Prime minister Allawi occupies a place of his own in the tribal landscape of Iraq. His wife is a Kurdish tribeswoman. Where most Kurds are Sunnis, she is a Shiite – in the local vernacular, Faylis.


The prime minister’s deputy, Braham Salah is currently prime minister of the Kurdish PUK region and fiercely loyal to Talabani and the CIA.


The web of power has gained another strong tribal strand with the appointment of the Shiite Hazem Shaalan, member of an Iraqi tribe of that name who has been assigned the key post of defense minister. Not many people in the Middle East know that Saudi Crown Prince Abdullah’s first wife (in order of importance in the royal household), Hussa al-Shaalan comes from that tribe. Abdullah’s second wife is the niece of Syrian president Bashar Assad.

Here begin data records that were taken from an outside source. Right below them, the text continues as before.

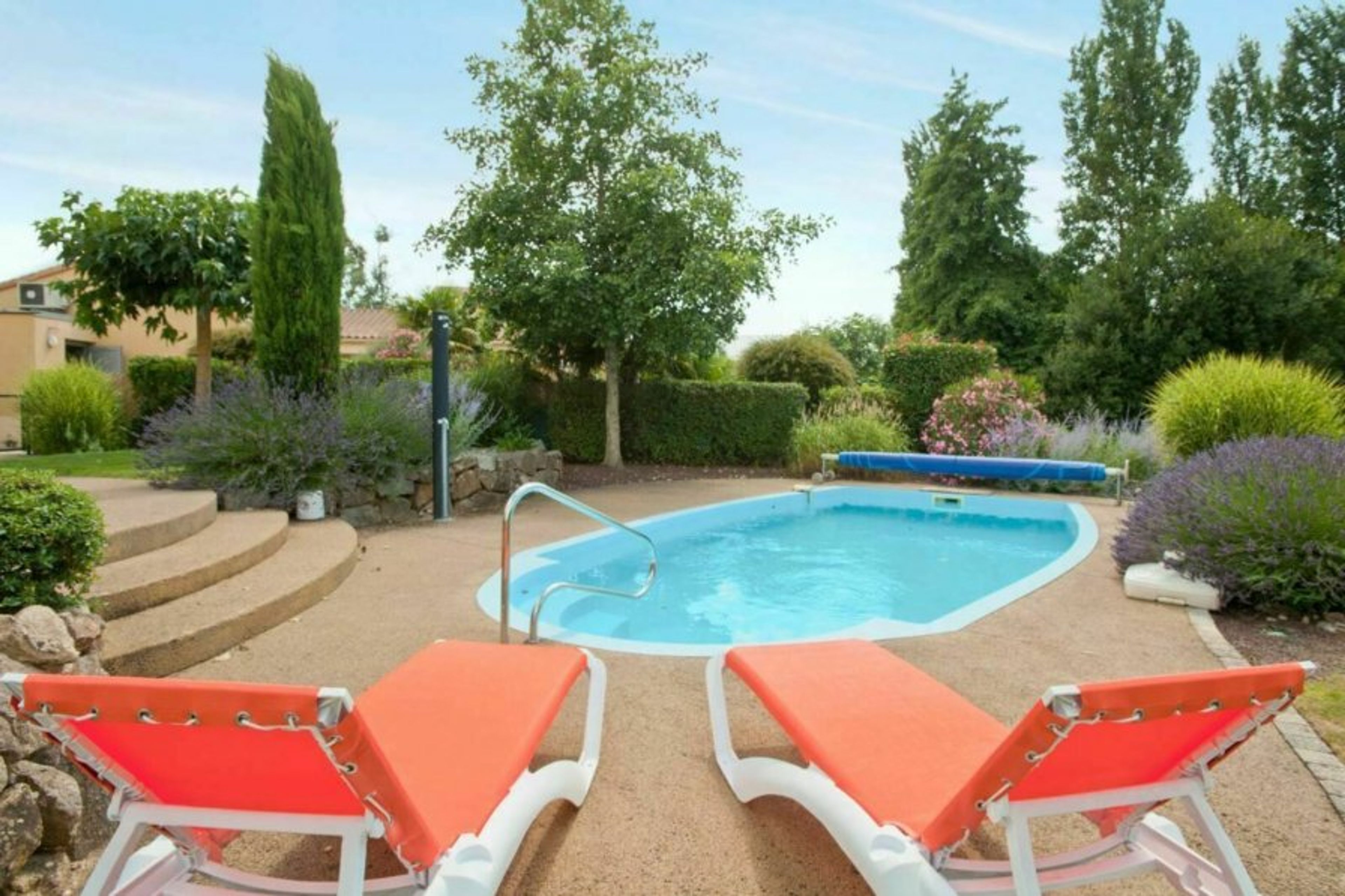 Photo of a pool shown as example. Actual pool and garden may vary.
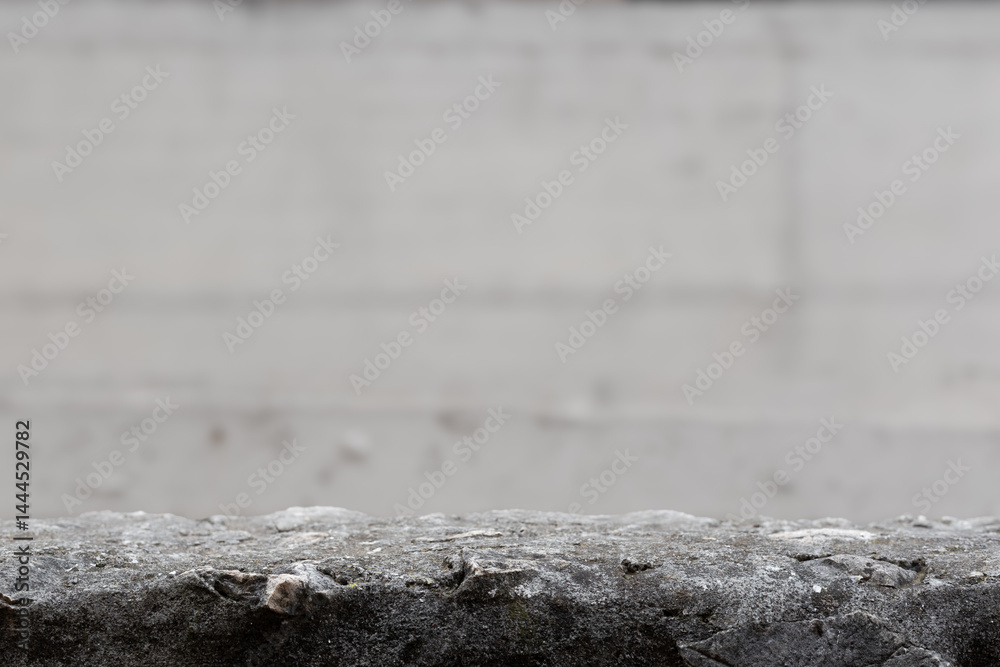 Poster Stone table. Concrete stone display empty copy space with blurred background. Stone table copy space. Stone concrete counter for product placement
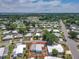 Aerial view of home surrounded by neighborhood, trees, and lake in the distance at 1312 Apache Cir, Tavares, FL 32778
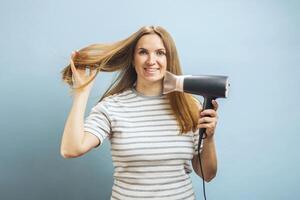Frau trocknet ihr schön lange Haar mit ein Haar Trockner gegen ein Blau Hintergrund foto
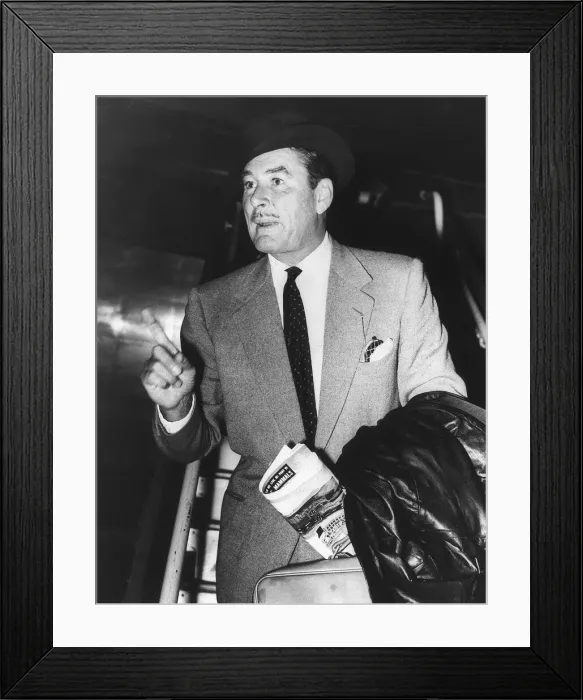 Framed Print : Errol Flynn pointing his finger and holding a suitcase and a news paper with a black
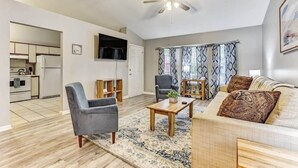 A modern living room with a sofa, armchairs, a coffee table, and a ceiling fan. - Fenced Yard, Patio & BBQ · Historic District Area (Savannah)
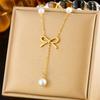 Elegant Golden Pearl Bow Stud Earrings with Chain Tassel Necklace Jewelry Set
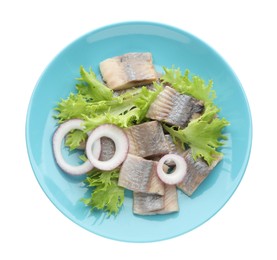 Photo of Blue plate with delicious salted herring slices, lettuce and onion rings isolated on white, top view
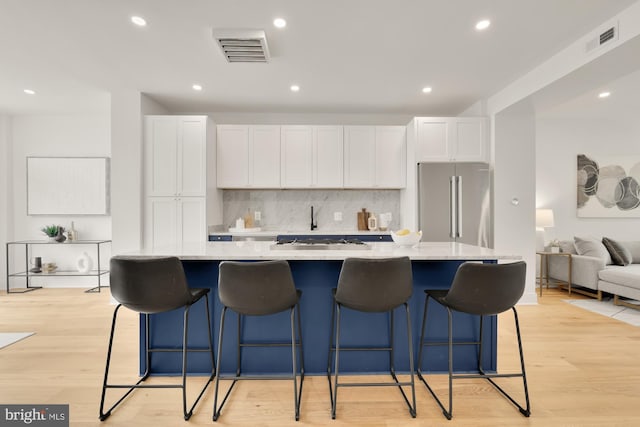 kitchen with high end refrigerator, white cabinetry, and a large island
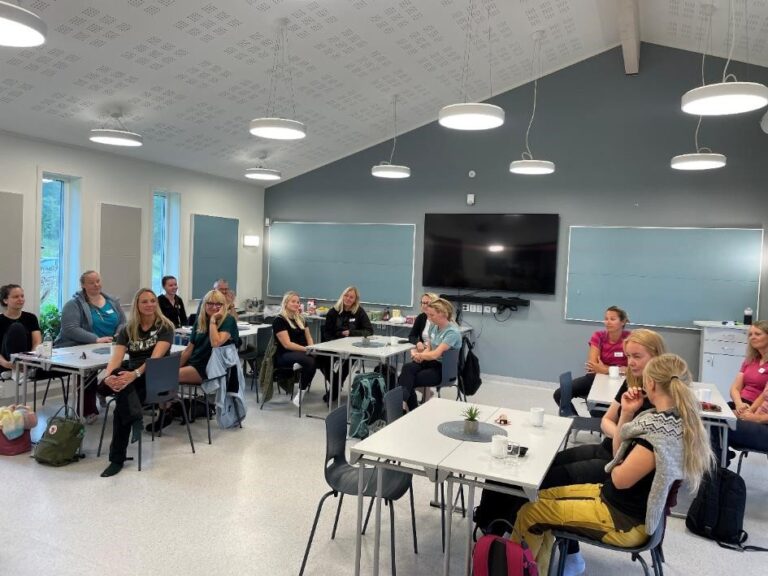 en grupp åhörare sitter kring små bord i föreläsningssal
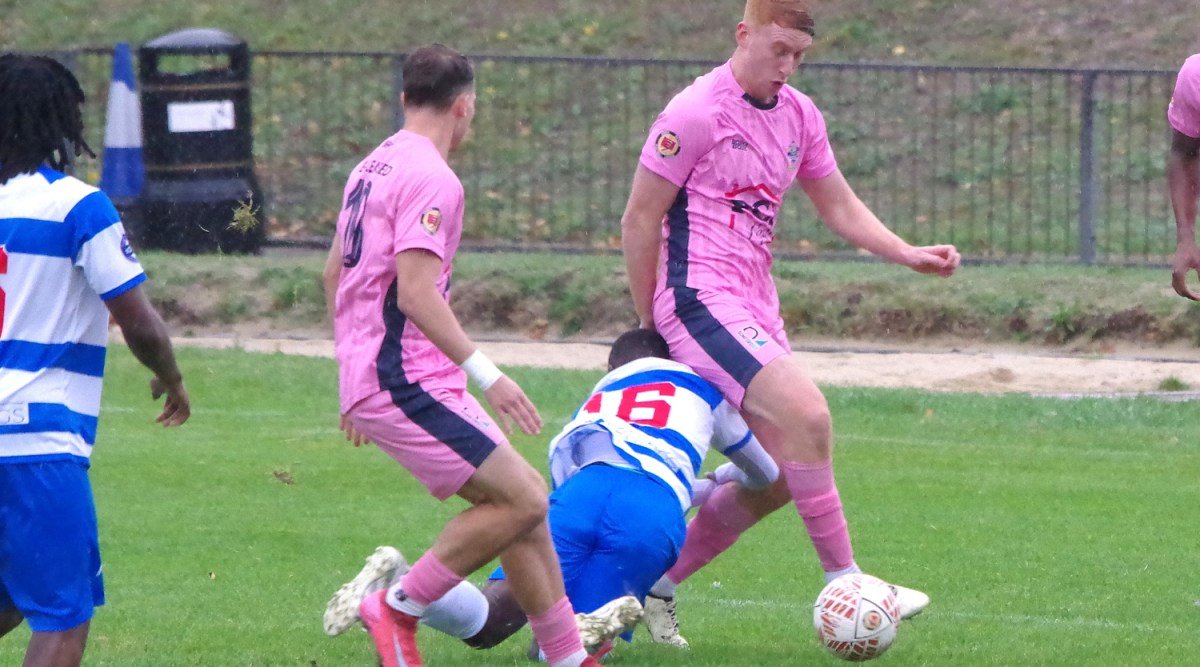 An Ilford player makes an unconventional challenge on Jaxon Brown and Alfie Osborne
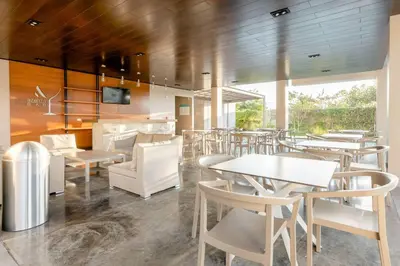a restaurant with white tables and white chairs at New & Modern APT - 100 MBPS 15 min from airport in San José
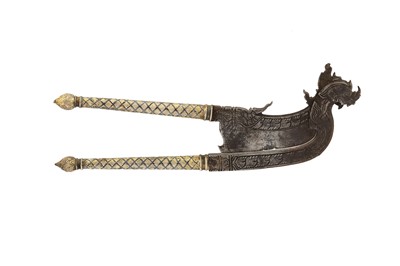 Lot 368 - A SINGHA-SHAPED GILT NIELLOWARE STEEL BETEL NUT CUTTER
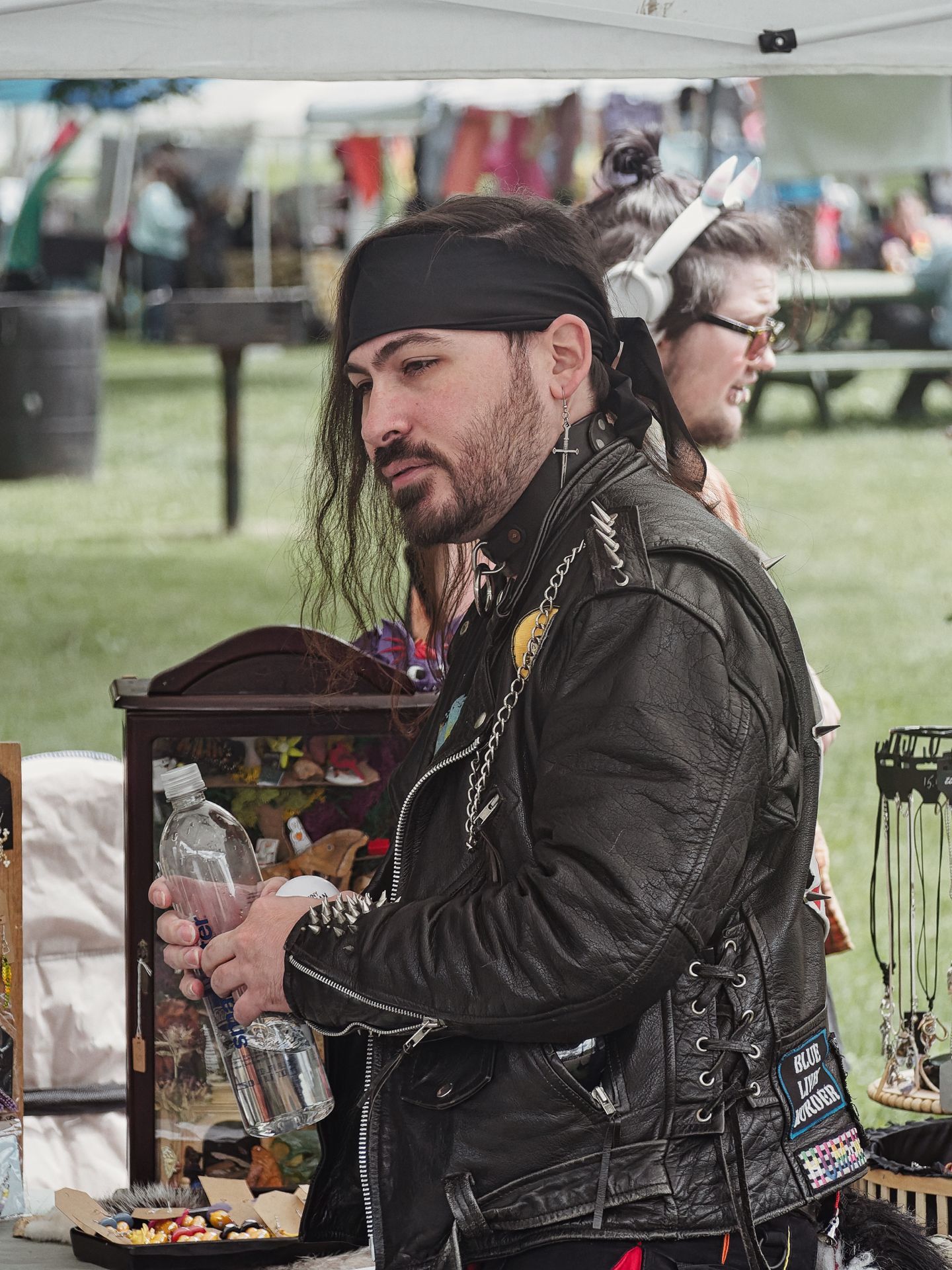 Man in a spiked black leather vest covered in pins and chains, wearing a black bandana and cross earring, holding a clear plastic water bottle at what appears to be an outdoor vendor booth. Behind him, a second person wearing cat-ear headphones is partially visible, with a small wooden display case, jewelry rack, and festival tents blurred in the background.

The Iraqi tribal council representing some 150 tribal groups is headed by Hussein Ali Shaalan, whose domains lie chiefly in southern Iraq and, like those of the Shamar, cut across borders and comprise both Shiite and Sunni members. Shaalan tribesmen are to be found in Syria, Jordan, Yemen and Egypt. In T. E. Lawrence’s Seven Pillars of Wisdom, Shaalan tribesmen are placed also in former Palestine.


In contemporary power terms all these tribal affinities and affiliations are extremely valuable assets to an Iraqi leader. Sunni president al-Yawar from Mosul enjoys a high degree of multiple tribal protection, Kurdish and Shiite-Shaalan, as well as his own.